**About this exercise**
How do the lines below between the ones holding "Used 2023 Porsche Macan AWD/4WD image 12" and "Tank Kurbelwellengehaeuse Motor", inclusive, read? Give them again exactly, with no other lines.

**Records supplied**
● ● ● ● ●

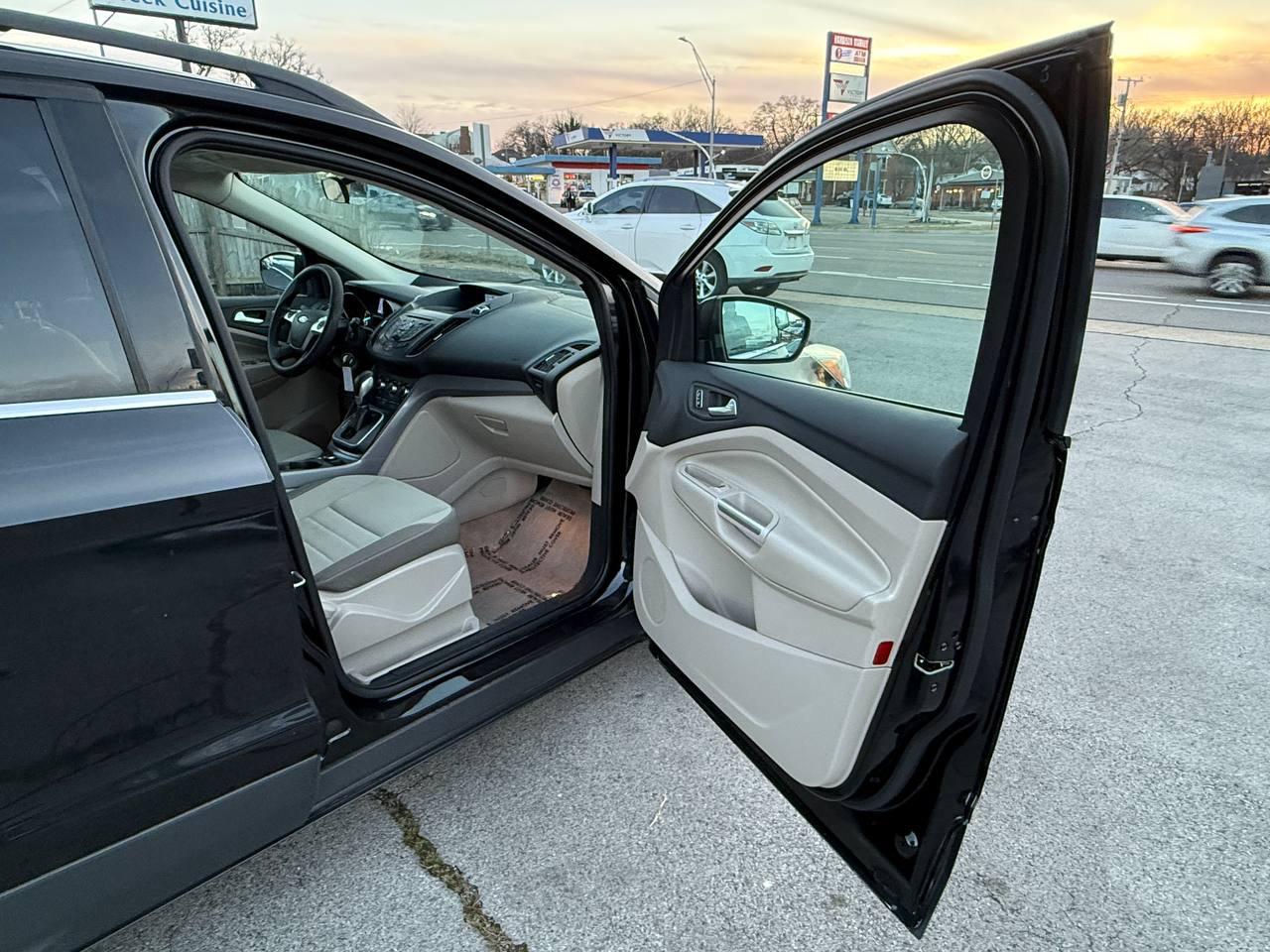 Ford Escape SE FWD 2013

● ● ● ● ●

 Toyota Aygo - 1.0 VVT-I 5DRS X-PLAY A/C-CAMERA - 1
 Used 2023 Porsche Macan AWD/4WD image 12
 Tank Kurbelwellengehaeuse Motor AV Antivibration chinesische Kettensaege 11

● ● ● ● ●

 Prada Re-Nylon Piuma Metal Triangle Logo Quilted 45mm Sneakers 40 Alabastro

● ● ● ● ●

**Answer section**
 Used 2023 Porsche Macan AWD/4WD image 12
 Tank Kurbelwellengehaeuse Motor AV Antivibration chinesische Kettensaege 11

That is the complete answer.